Langatmig, verwirrend und zu sehr gedrechselt

Dass der Roman Gottesstreiter erst nach ungefähr 300 Seiten langsam an Fahrt gewinnt, mag der Tatsache geschuldet sein, dass ein Kriminalroman nun einmal langsam beginnt, die verschiedenen Handlungsstränge zu entwickeln und zusammen zu führen. Trotzdem ist der Roman anfangs zu zusammenhangslos - der rote Faden des Romans wechselt innerhalb eines Kapitels von einem Handlungsstrang zum anderen hin und her - und berichtet über teilweise ganz erschreckend belanglose Dinge:

 

 

Seht doch mal aus dem Fenster, edle Herren. Was seht Ihr da, worauf fällt Euer Blick? Auf die Scheune, antwortet Ihr, was der Wahrheit entspricht, und auf den Abtritt dahinter.

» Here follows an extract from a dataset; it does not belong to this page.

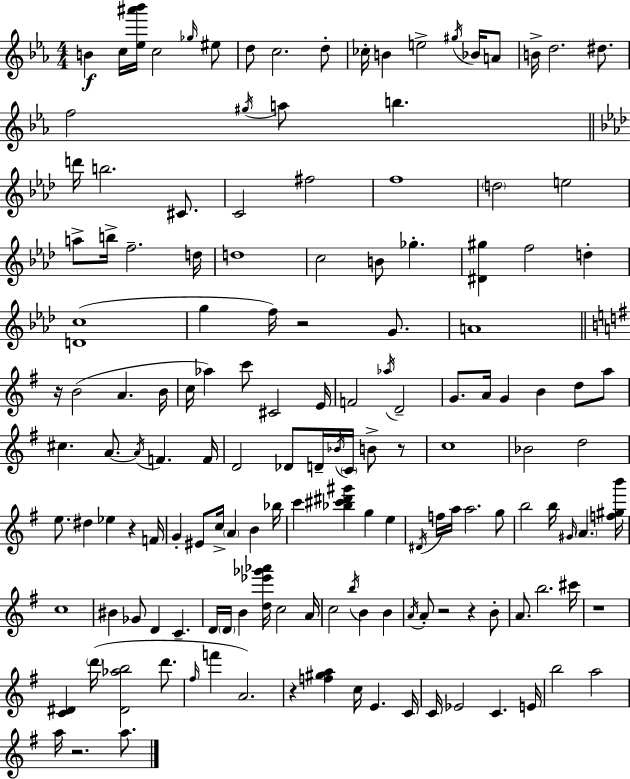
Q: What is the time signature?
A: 4/4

Aber was ist da weiter, frage ich, [...]? So merkt denn auf: Wenn ich die Maid frage, die eben mit den Krügen herbeieilt, wird sie antworten, dass hinter dem Abtritt ein Stoppelfeld ist, hinter dem Stoppelfeld Jachyms Anwesen, [...]. Wenn ich unseren Wirt frage, der mir etwas weltläufiger erscheint, dann wird er hinzusetzen, dass dies noch lange nicht das Ende ist [...]. Aber merkt auf, umso weltgewandter die Menschen sind, die ich befrage, wie zum Beispiel Euch, desto weiter entfernen wir uns von unserer Scheune, dem Abtritt und den beiden Geißhügeln - denn einem weltgewandten Verstand ist wohl bekannt, dass auch hinter Festenberg die Welt nicht zu Ende ist, denn dahinter liegen Oels, Brieg, Falkenberg, Neisse, Leobschütz, Troppau, Jitschin, Trentschin, Neutra, Esztergom, Buda, Belgrad, Ragusa, Janina, Korinth, Kreta, Alexandria, Kairo, Memphis, Ptolemais, [...]. Und auch dort ist sie beileibe noch nicht zu Ende. Folgt man hinter Theben dem Nil, der als Fluss Gihon einer Quelle im irdischen Paradies entspringt [...]. Aber auch in diesem Ozean gibt es noch Inseln - Cathay, Taprobane, Bragine, [...]. Was sagt Ihr, frommer Bruder des heiligen Dominicus? Aha, dass es langsam Zeit wird, mit dem Geschwafel aufzuhören und mit meiner Erzählung fortzufahren? Zu Reynevan, Scharley, Samson und den anderen zurückzukehren? Ihr habt Recht, Bruder. Es wird Zeit. Ich komme also darauf zurück.

 

Sapkowskis unendliche Aufzählungen unausprechlicher Namen - ob es sich hierbei um Ortsnamen oder Namen von Personen handelt, sei dahingestellt - sein übertriebener Hang zu lateinischen Phrasen und slawischen Liedern (die zwar im Anhang erklärt werden, jedoch, wer mag denn ständig nachschlagen, was diejenige Stelle nun wieder bedeuten könnte?), verbunden mit der leider zu häufig bis gänzlich unnötigen Verwendung von Fantasy-Elementen, erschwert, nein verleidet dem Fan historischer Romane das Lesevergnügen. Zumal natürlich bei dem vorliegenden massiven Einsatz von diversen Zauberdingen die Frage erlaubt sein muss, ob Gottesstreiter überhaupt als historischer Roman bezeichnet werden kann.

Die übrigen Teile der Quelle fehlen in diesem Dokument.